• **Work task**: Without the pictures, copy all the entries below exactly.

Short text fragments from websites
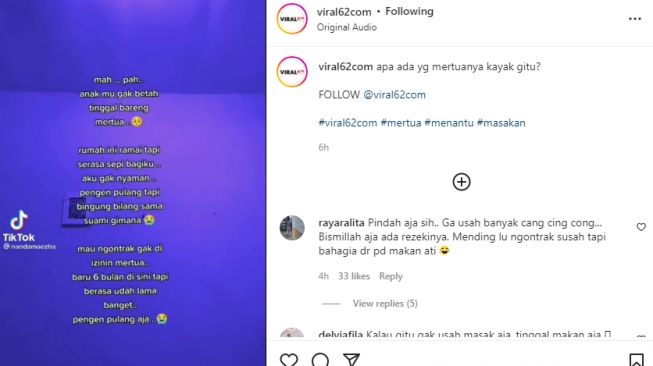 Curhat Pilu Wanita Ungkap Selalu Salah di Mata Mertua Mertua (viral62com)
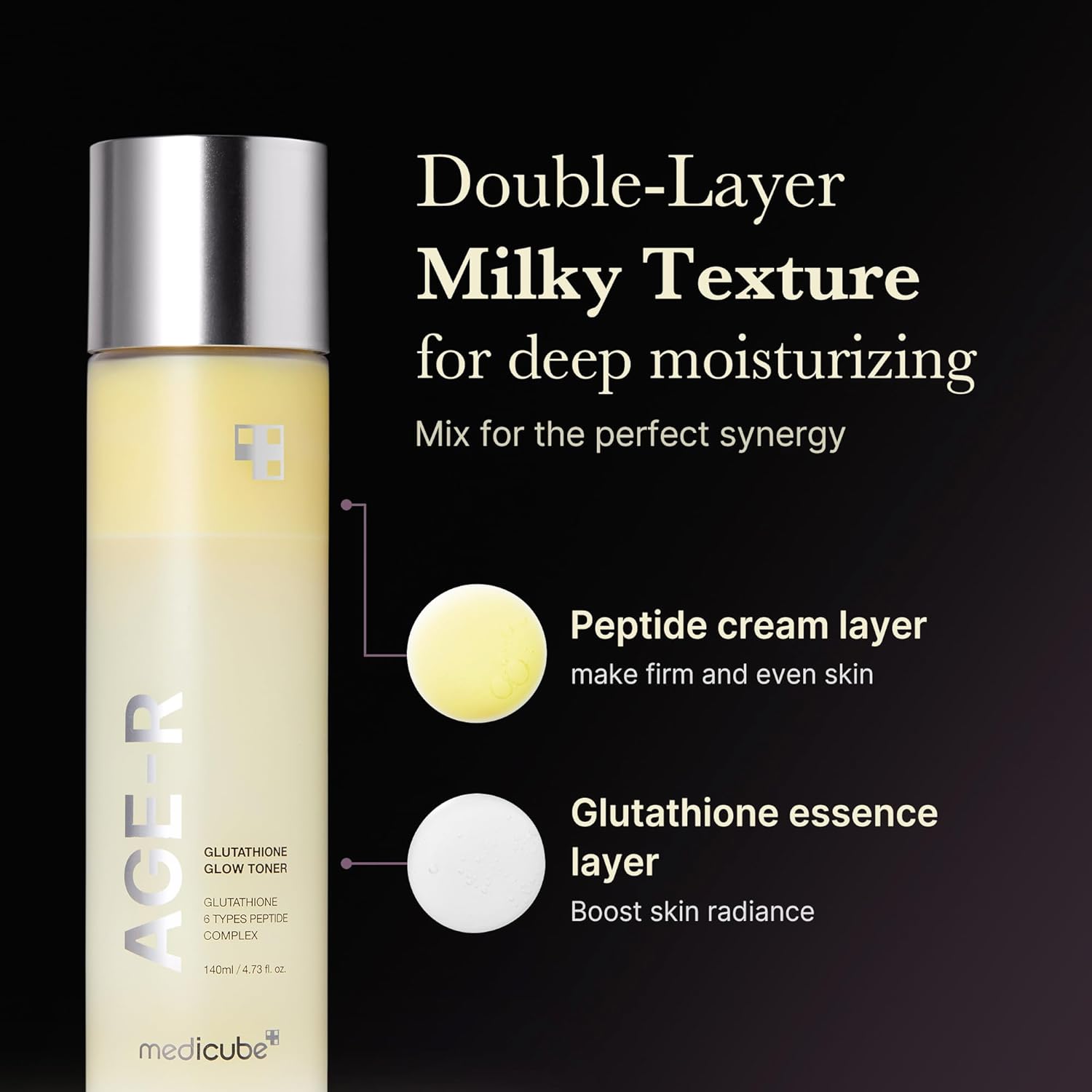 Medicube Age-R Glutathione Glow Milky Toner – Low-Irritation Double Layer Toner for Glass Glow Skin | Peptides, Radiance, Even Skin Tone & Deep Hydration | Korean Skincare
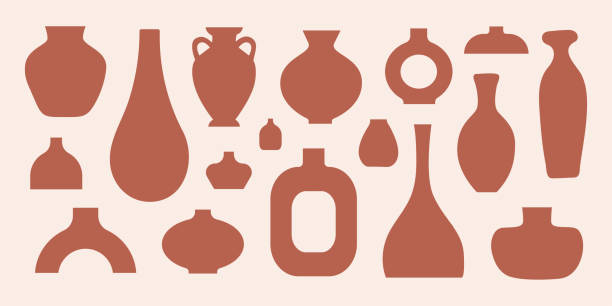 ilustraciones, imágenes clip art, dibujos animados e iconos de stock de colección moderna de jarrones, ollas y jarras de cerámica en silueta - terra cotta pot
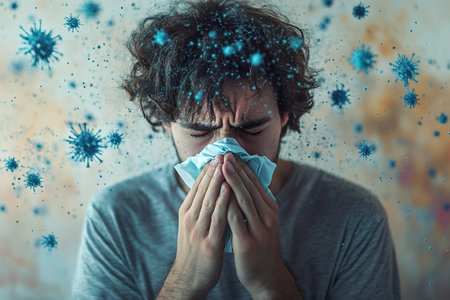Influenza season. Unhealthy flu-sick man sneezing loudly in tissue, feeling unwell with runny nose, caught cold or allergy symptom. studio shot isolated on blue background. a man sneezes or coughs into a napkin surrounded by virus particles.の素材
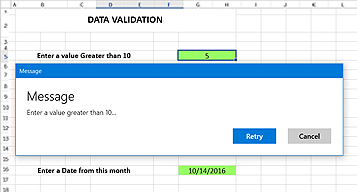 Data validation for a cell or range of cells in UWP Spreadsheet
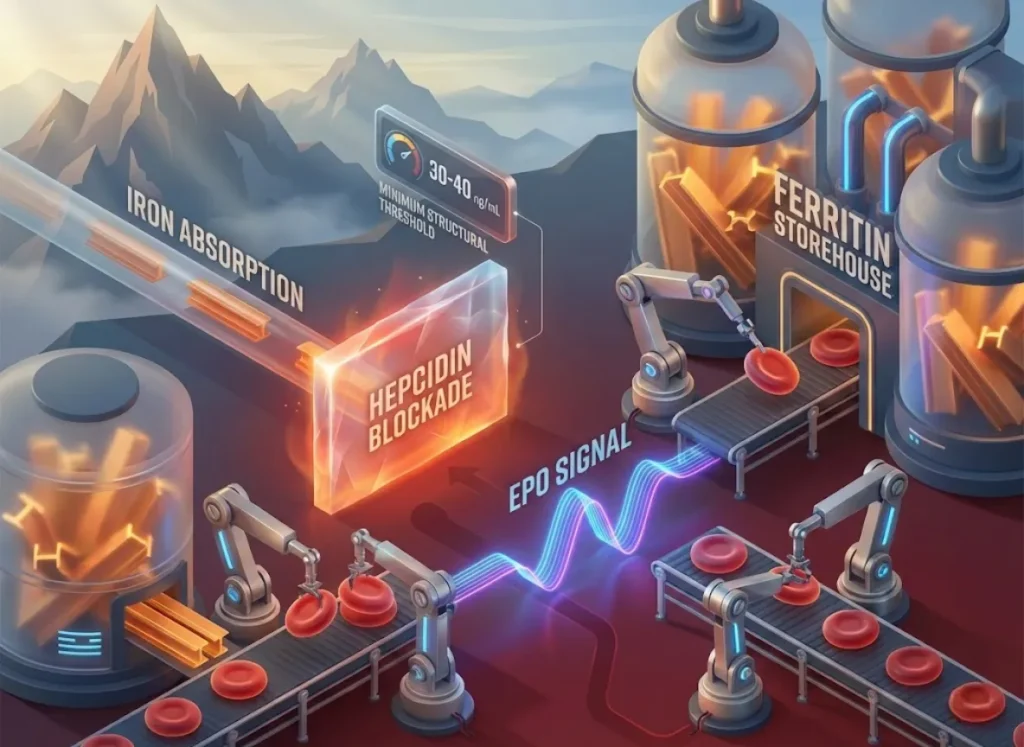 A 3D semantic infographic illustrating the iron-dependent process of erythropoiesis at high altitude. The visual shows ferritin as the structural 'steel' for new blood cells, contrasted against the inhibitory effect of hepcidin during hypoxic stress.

• **Task output**:
 Curhat Pilu Wanita Ungkap Selalu Salah di Mata Mertua Mertua (viral62com)
 Medicube Age-R Glutathione Glow Milky Toner – Low-Irritation Double Layer Toner for Glass Glow Skin | Peptides, Radiance, Even Skin Tone & Deep Hydration | Korean Skincare
 ilustraciones, imágenes clip art, dibujos animados e iconos de stock de colección moderna de jarrones, ollas y jarras de cerámica en silueta - terra cotta pot
Influenza season. Unhealthy flu-sick man sneezing loudly in tissue, feeling unwell with runny nose, caught cold or allergy symptom. studio shot isolated on blue background. a man sneezes or coughs into a napkin surrounded by virus particles.の素材
 Data validation for a cell or range of cells in UWP Spreadsheet
 A 3D semantic infographic illustrating the iron-dependent process of erythropoiesis at high altitude. The visual shows ferritin as the structural 'steel' for new blood cells, contrasted against the inhibitory effect of hepcidin during hypoxic stress.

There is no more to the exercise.